**ABOUT THIS EXERCISE:**
Begin the copy at the line containing "Изображение товара PHLUR" and end it at the final line of the material below, reproducing each line exactly, without images.

**DATA EXCERPT:**
# # # #
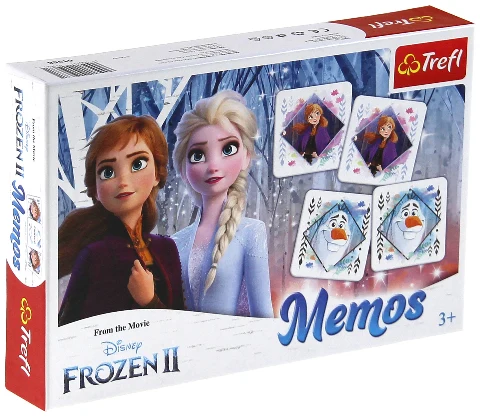 Disney Frozen Memo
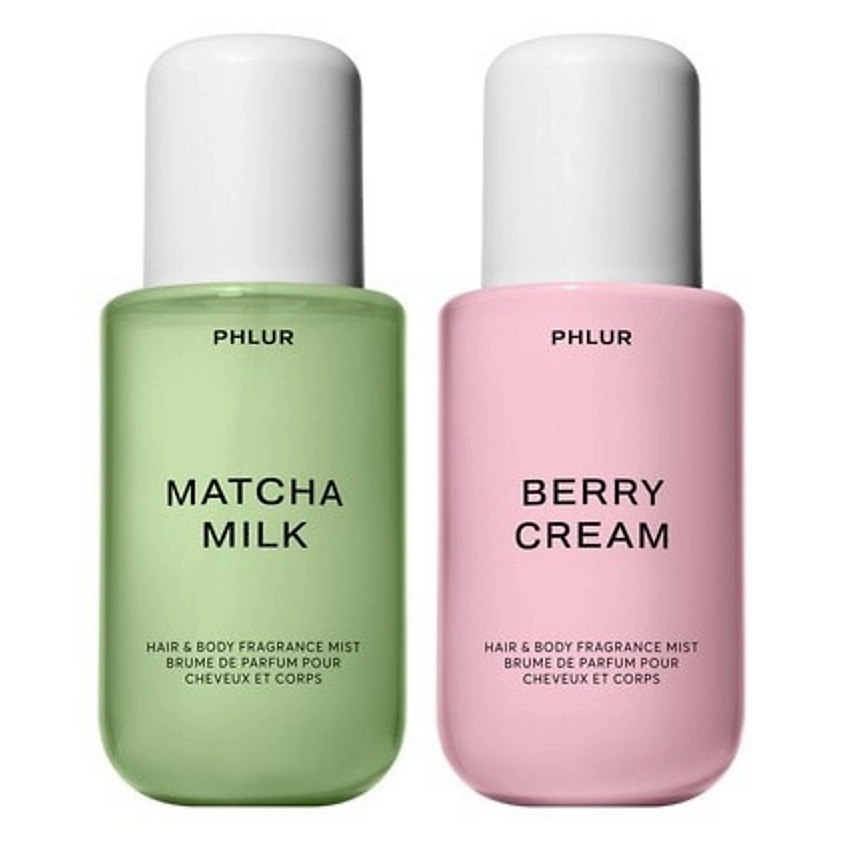 Изображение товара PHLUR Парфюмерный набор мистов Berry Matcha, 240мл+240мл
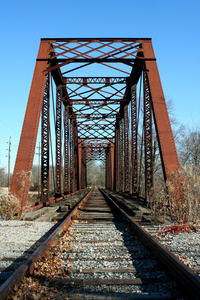 旧铁路桥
# # # #
**THE ANSWER:**
 Изображение товара PHLUR Парфюмерный набор мистов Berry Matcha, 240мл+240мл
 旧铁路桥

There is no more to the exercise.